Ticket brokering is a 'booming' business on the ´net

Statements from The Ski Bums www.skibumsguide.com

 
The Ski Bums sell and trade lift ticket vouchers and coupons on the net. The internet has taken "ticket brokering" from pro football tickets, to airline miles, and now ski lift ticket vouchers......

January 2 2004--Some people feel strongly that reselling tickets (or “scalping”) is a crime that should be punished. After all, many jurisdictions around the country have laws preventing people from reselling passes to popular sporting events, airline miles, and ski lift tickets.

We believe that the people who support these laws should take a good look at how ticket brokering (or trading) is being conducted on the Internet and elsewhere and the invaluable advertising and exposure that is generated for events, in this case the ski resorts themselves, the supposed “victims” of scalping.

Via the Internet, ticket reselling really is becoming a win-win situation for both skiers and resort management. After all, advertising brings skiers/boarders and those folks keep the resorts in business. We think that it the short run, this internet activity could hurt ski resorts' bottom line because it tends to push competition, and drive the price down. However, we also believe this activity is good because it creates exposure for the resorts, and this helps increase the numbers of people that get out on the slopes in a given year.

An auction site such as eBay often generates excitement when tickets are bid above face value. This is obvious when it comes to something like Super Bowl tickets which get bid up to ridiculously high amounts on auction sites, and then a slew of media coverage follows the prices on the sites and talks endlessly about how much they went for. But the same thing happens on a smaller scale with ski ticket vouchers. The price of a lift ticket on an auction site can be quite volatile because the season is short and it is dependent on weather. Bidding on auction sites adds excitement and advertising value for a ski resort just like it does for the Super Bowl. 

Collecting discounted ski ticket vouchers and reselling them, thereby promoting the best ski deals currently available around the country increases visibility. This naturally generates a tremendous amount of excitement and exposure for the resorts on the eve of the season and beyond.
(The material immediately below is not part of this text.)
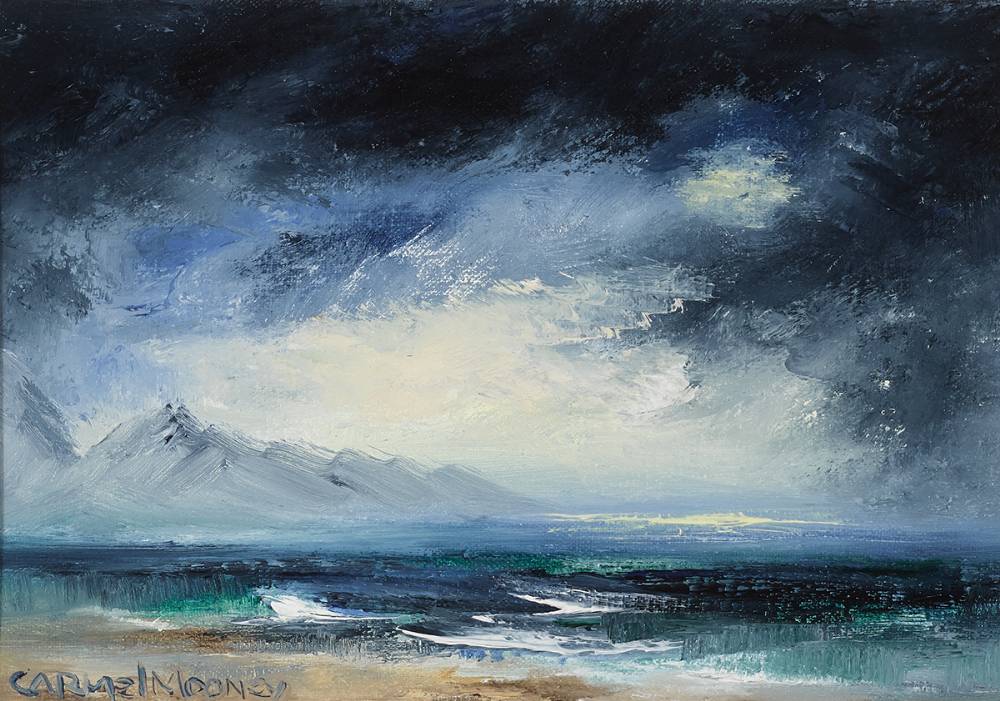 BEACH SCENE by Carmel Mooney sold for �440 at Whyte's Auctions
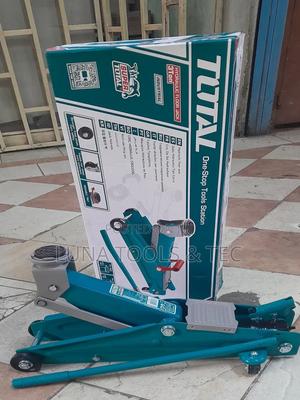 Super Hydraulic Floor Jack, 3ton. - thumbnail 2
Ticket brokering and trading is a real booming business on the Internet, especially through popular auction sites like eBay and Yahoo. Sporting events tickets are traded and scalped on a slew of sites in huge quantities.

Reselling any tickets at venue sites is usually against local ordinances, so localities can and do enforce ticket scalping laws at the venues themselves. In other words, you will often be arrested if you sell your tickets in front of the event ticket window (or anywhere in the area). However, time and again it has been shown that reselling tickets and vouchers is not illegal in many jurisdictions, and through many venues. You can resell your pro football tickets online, and you can sell your lift ticket vouchers online. You paid for both. It's your property. You really can not be dictated to on how you dispose with the property that you have purchased (or that you were "given"). The basic argument saying that reselling and scalping tickets is illegal just isn't always true.

Scalping is technically selling a ticket at higher than face value. In many local jurisdictions and venues it is legal to sell a ticket at face value, but it is not legal to sell it at greater than face value. Of course, when football, basketball, or baseball tickets (or ski ticket vouchers) are bid upon on eBay, they often go for over the face value, or over the amount that was originally paid for the ticket.

Reaction from skiers and snowboarders is clearly positive, but from the resort owners? Well, that is decidedly mixed. They don't really know what to think.

The Denver Post and Durango Herald of Colorado recently reported the angst that some resort managers feel over the selling and trading of lift tickets and vouchers on the Internet. The Durango Herald reported in a recent article (http://durangoherald.com/asp-bin/article_generation.asp?article_type=out&article_path=/outdoors/out031130_1.htm) that a bulk of the 17,000 free lift tickets handed out by Crested Butte at the first Denver Nuggets game in November are now selling for $45 each on eBay.

"Obviously that's not in the spirit of any of these promotions," said Crested Butte spokeswoman Gina Kroft as reported in the Herald. “Particularly galling for resort operators is watching vacationing skiers pay $40 for a lift ticket and a coupon for four more discounted lift tickets that would have cost far more at the ticket window,” the article continued.

“Oh, that just drives John nuts,” Kroft said of Crested Butte CEO John Norton. “But it's hard to avoid, especially when you distribute as many as we did.”
 

The article also noted that Durango Mountain Resort officials don't have many problems with passes being sold or traded on the Internet.

“It's inevitable that one or two would wind up there,” Matt Skinner, the resort´s communications director told the Durango Herald. “If it became more of a problem we would have to re-examine more of our promotions.”


Not all resorts are “hip” to what could really benefit them in the long run. But they will likely come around eventually. Who wouldn´t want free advertising, after all?